With every new week in London, I am becoming more and more comfortable living, working, and learning in this new environment. One of the biggest adjustments was to my new classes at the capa center. During this program, I am taking Shakespeare in London, a literature course that outlines and analyzes Shakespeare’s works and influences throughout the different stages of his life, as well as the Global Internship Course, a course about the obstacles and benefits of being an international intern. Having a very limited knowledge of Shakespeare and having never taken a literature class at Pitt, Shakespeare in London is an extremely refreshing course unlike anything else I’ve taken since starting college. The course is extremely engaging and London is the perfect place to learn about this topic as it is all set in London and we were able to see Shakespearean shows at The Globe Theatre. The internship course is also extremely beneficial because it covers very relevant topics at the same time as we are experiencing them firsthand at our internships.
When comparing my experience to my life at Pitt, it is easy to see why there was an adjustment period upon my arrival.
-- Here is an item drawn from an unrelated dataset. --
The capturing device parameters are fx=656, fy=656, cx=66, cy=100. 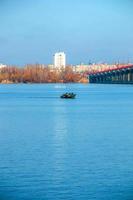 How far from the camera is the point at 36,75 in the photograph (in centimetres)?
11425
The harshest difference academically was that my classes here are 3.5 hours long, which initially seems daunting but has been overall a good thing because it helps all of the topics we discuss flow together better and gives me more time to explore the city on other days. My living situation in London has also been a change, but in a very positive way. I live in a 5-person flat in the neighborhood of Islington. While 5 people is a bit more crowded than I’m used to at Pitt, it helps keep our flat lively and exciting. Living in Islington is not that different than life at Pitt because there is a lot to do and see within a short walking distance. Having tube access and a station just 10 minutes from my apartment has made visiting different parts of London and sightseeing extremely easy and accessible.
In general, this experience has certainly made me a more adaptable and flexible person. Living in any country abroad, you face many new obstacles that were never a factor before and you must learn to just go with the flow and learn from what is happening around you. During my time here the biggest adjustments for me were all of the travel on the tube, which was daunting at first but I actually really enjoy now, as well as understanding the expectations in my classes and internship, because in England people are often a lot more vague with their directions and leave it up to your interpretation, but my professors and boss do a good job of recognizing this and trying to be as clear as possible.
Adapting to all of these changes hasn’t been simple, but it is a necessary process in order to enjoy your time abroad and indulge in the culture of the city you are surrounded by. I am learning something new every day, both in and out of class, and this new cultural intelligence and ability to observe and react with flexibility will be so beneficial and transferrable to any new endeavors I take on once back in the US.